NT is a marker for nitrosative stress. Minimal NT immunoreactivity was noted in non-ischemic control retina (Fig. 7D). An increased level of NT expression was seen in the vehicle-treated I/R retina (Fig. 7E). However, LBP pre-treatment could not lower the NT expression in I/R retina (Fig. 7F). The IHC scores of NT immunoreactivity in the vehicle-treated I/R retina, the LBP-treated I/R retina and the non-ischemic control retina were 3.5±0.4, 3.3±0.3 and 1.3±0.2 arbitrary units, respectively (Fig. 7H).
Discussion
BRB disruption, glial cell activation, oxidative stress and neuronal death are major concerns in retinal I/R injury. Neuroprotective agents that can retard or prevent these damages are beneficial in treating many ocular diseases in which retinal I/R is a complication. In our present study, we showed that pre-treating mice with LBP for 1 week could protect the animals from I/R injury by reducing neuronal cell death, retinal swelling, glial activation, BRB disruption and oxidative stress.

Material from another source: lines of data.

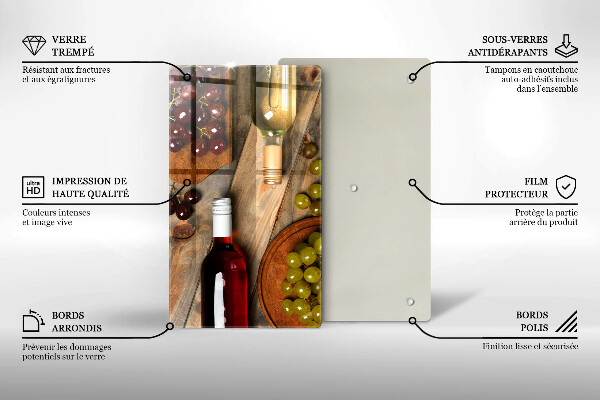 Abdeckung induktionskochfeld Weinflaschen und Trauben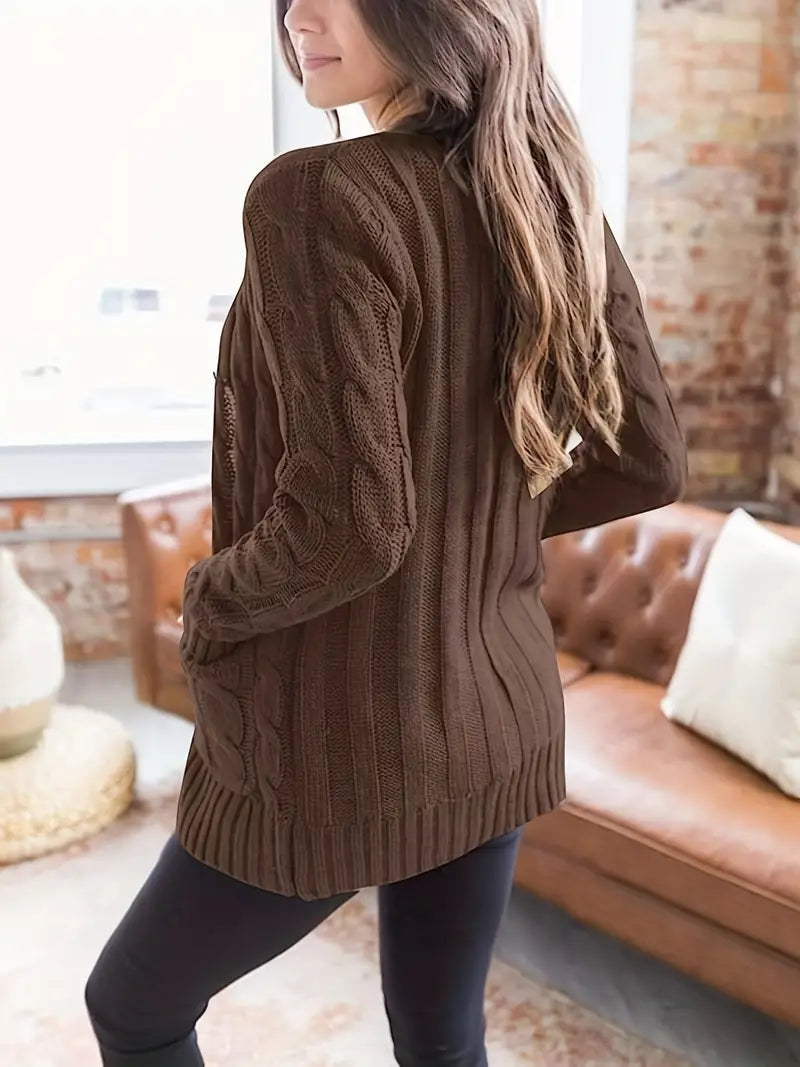 Kvinders Kabelstrikket Trøje Afslappet Stil Long Sleeve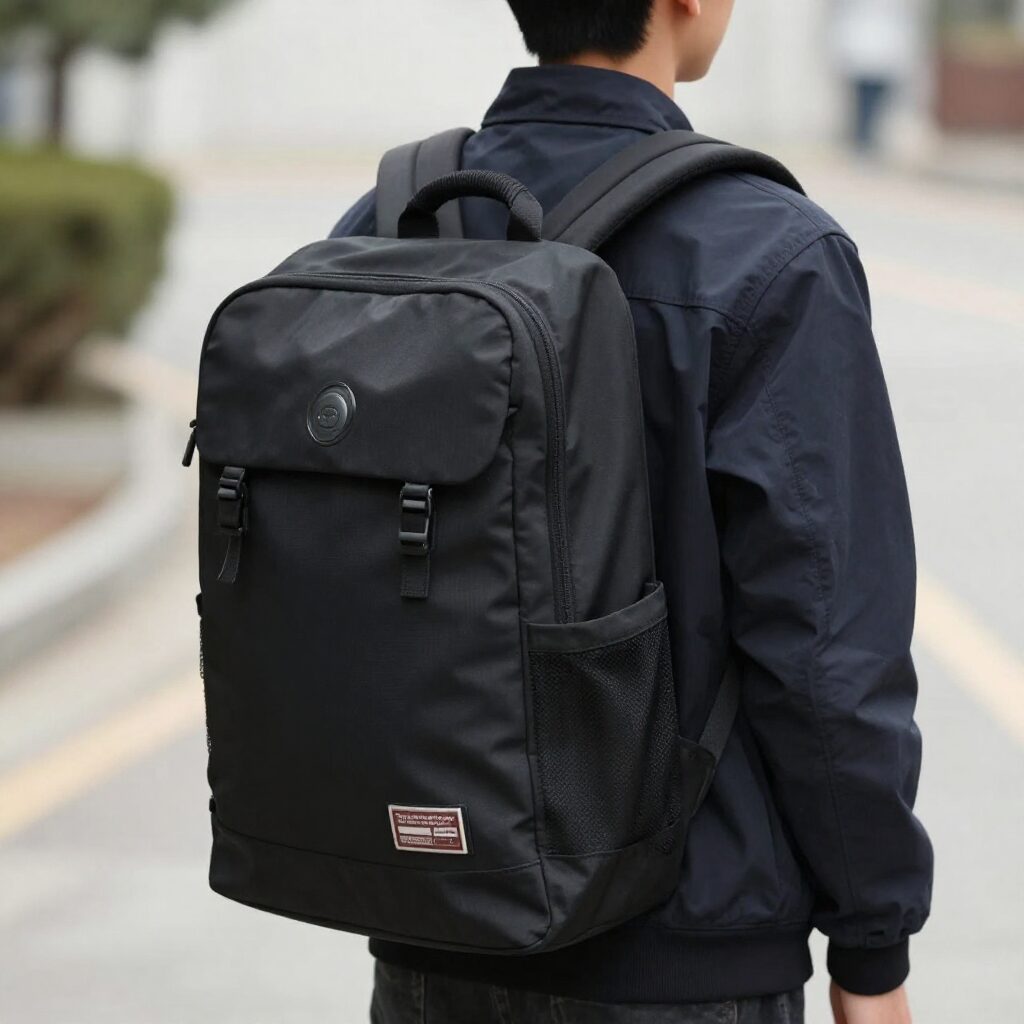 검정색 디스커버리 백팩을 등에 멘 학생의 뒷모습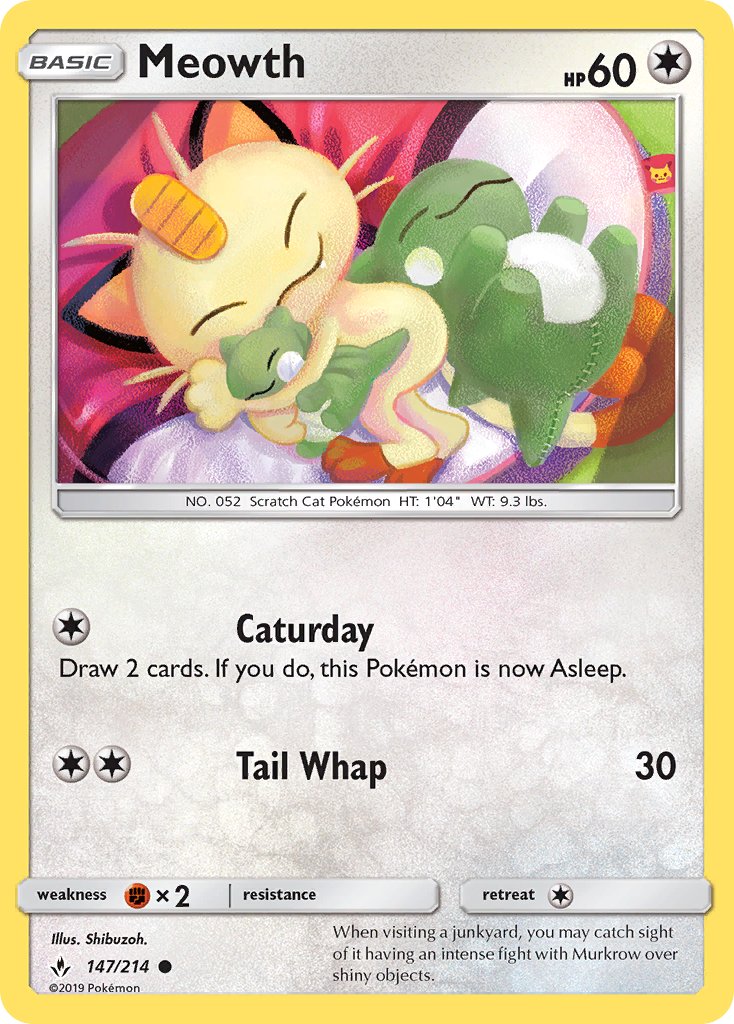 Meowth 147/214 Common | Unbroken Bonds | Pokemon Card
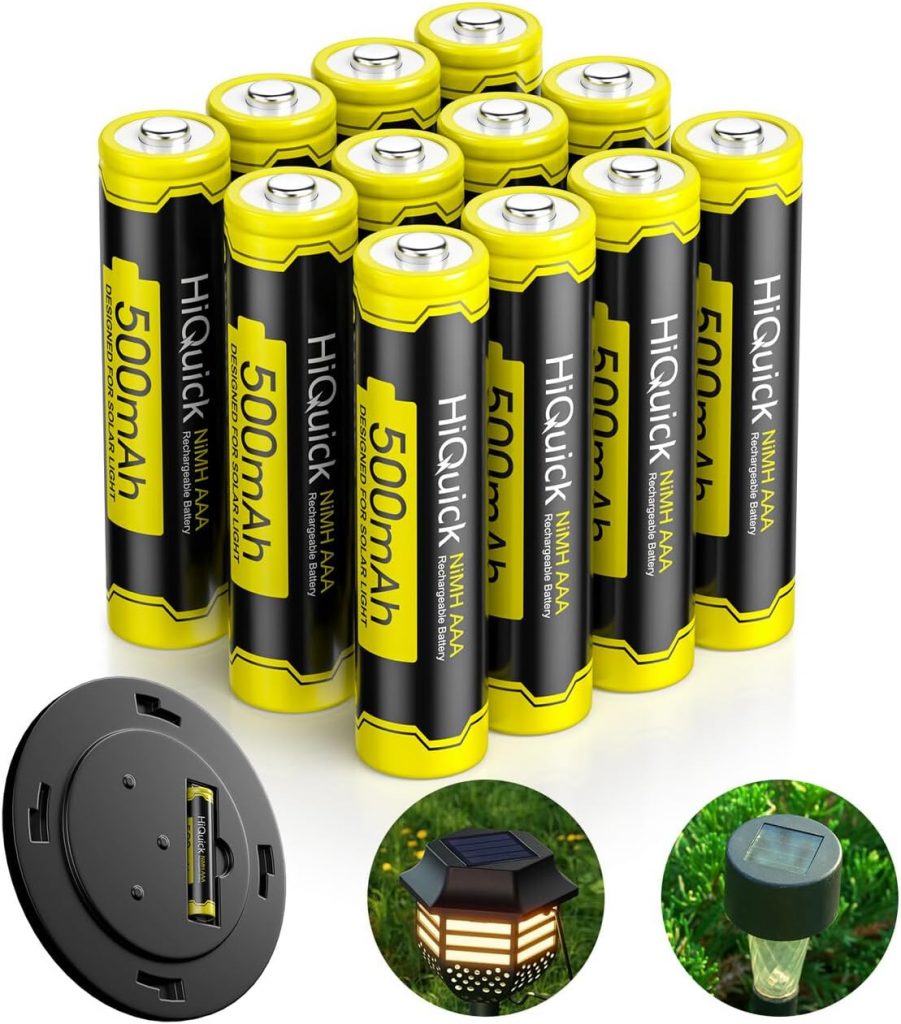 HiQuick Solar AAA Akkus, 12 Stück NI-MH AAA 500mAh Solarakku, Wiederauflade Solarbatterien Für Solar Lampe, 1.2V Akkubatterien geringe Selbstentladung5.23€ ➡️ https://www.amazon.de/dp/B0CYGYJ8JB/?tag=preisfehlerheute-21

In the present study, unilateral retinal ischemia was induced by occluding the ICA which supplies blood to the ophthalmic artery [18], [19]. This model is one of the commonly used animal retinal I/R models [20], [21], [29]. Different from other retinal I/R model, the unilateral ICA occlusion model is a purely vascular model and does not involve any mechanical injury to the eye during the experimental operation [29]. The ophthalmic artery occlusion and blood resupply by ECA and ICA can be easily monitored by the duration of filament kept inside the vessel lumen. This model induces complete but reversible retinal ischemia injury [29] and leads to a considerable cell loss in inner retina by the blockade of ophthalmic artery [21]–[23], [30]. It mimics the clinical situation of transient monocular amaurosis fugax [21], [29] and other ocular diseases in which retinal I/R is a complication. Therefore, this artery occlusion model is a good tool for exploring neuroprotective agents against retinal I/R injury.

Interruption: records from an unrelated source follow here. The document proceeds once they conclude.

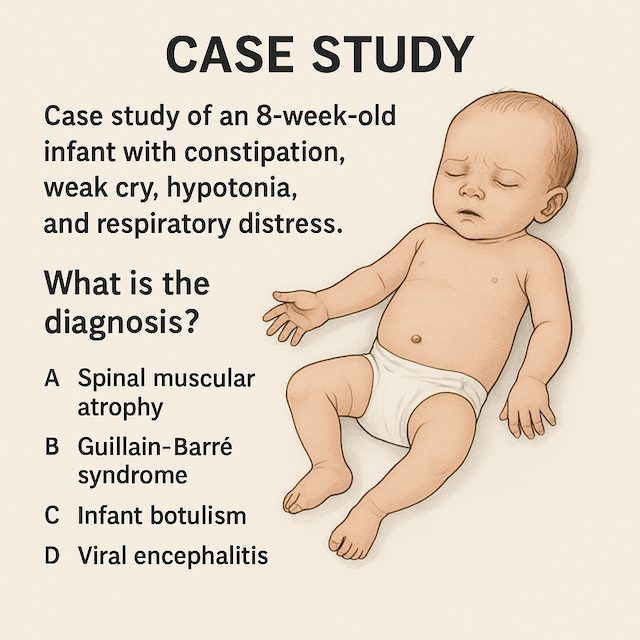 Illustration of an 8-week-old infant with infant botulism showing weak cry, hypotonia, bilateral ptosis, and respiratory distress, highlighting key clinical features and supportive care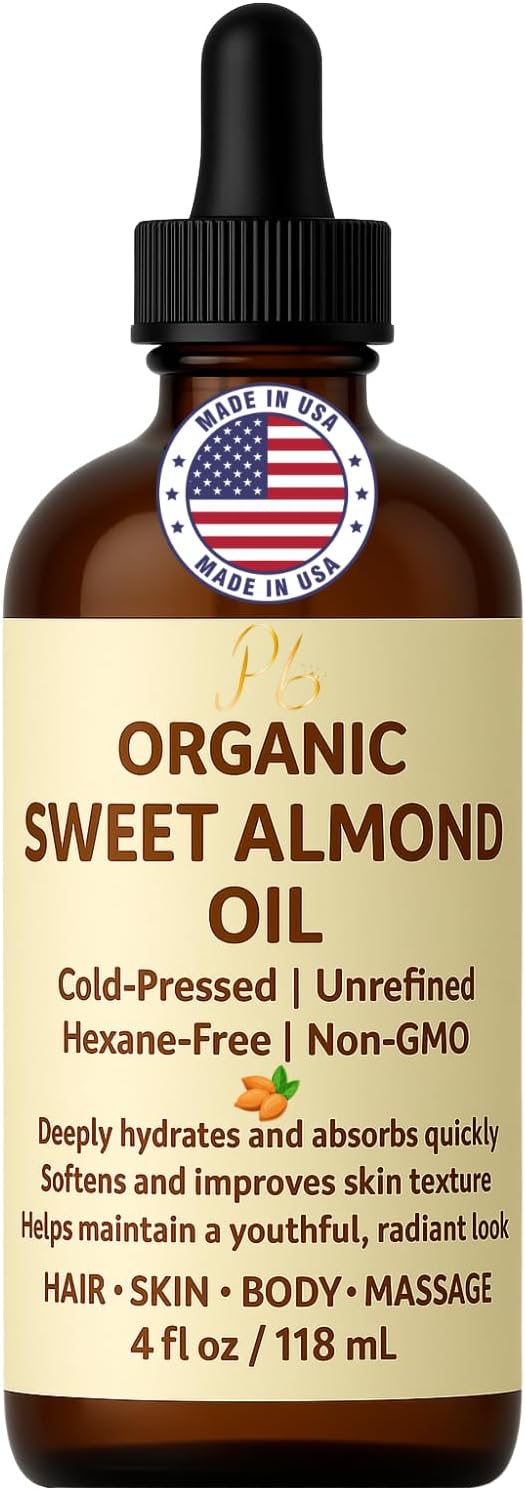 Organic Sweet Almond Oil – 100% Pure, Cold-Pressed & Unrefined | Deeply Hydrating, Lightweight Moisturizer for Face, Body, Hair & Massage – 4 fl oz Amber Glass Bottle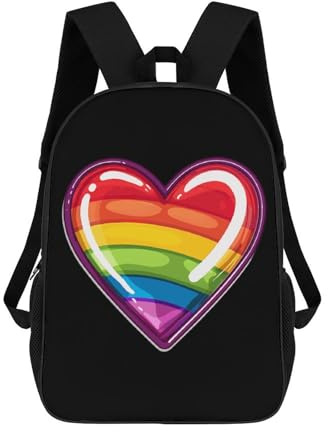 Stylischer Laptop-Rucksack Regenbogenflagge Herz LGBTQ Gay Stolz Studentenrucksack Moderner Rucksack Für Wandern, Camping, Reisen, 42X32X14Cm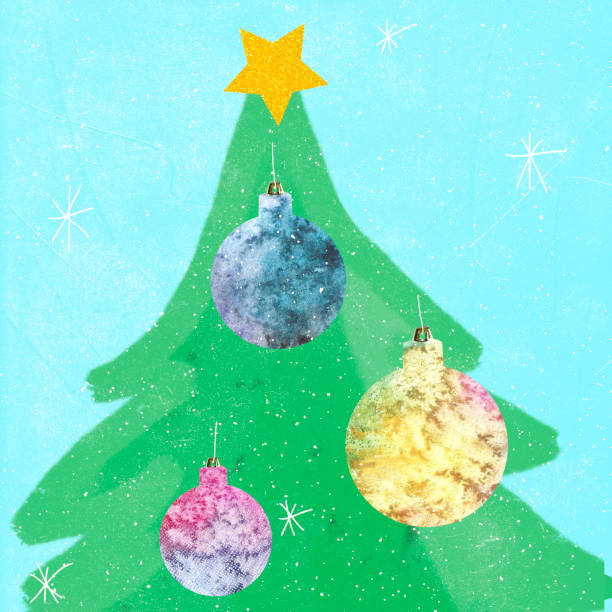 istock Creative image of drawn Christmas tree with colorful decorations isolated over green background 1352882796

Lycium barbarum is a dried fruit that is used as a food or a medicine according to Chinese tradition [7]. It has been claimed that LBP can exhibit anti-aging, anti-tumor, cytoprotective, neuro-modulation, and immune modulation effects [7]. LBP can attenuate breakage of DNA by oxidation in the testicle cells in mice [31]. It has also been shown to protect DNA damage of peripheral blood lymphocytes against oxidative stress [32]. However, researches on the protective effects of LBP against ocular diseases are still ongoing. In the present study, we aim to look at the protective effects of LBP against retinal I/R injury. We focus on four aspects that are closely related to retinal I/R injury: anti-apoptosis, preservation of BRB integrity, prevention of retinal swelling, and anti-oxidation.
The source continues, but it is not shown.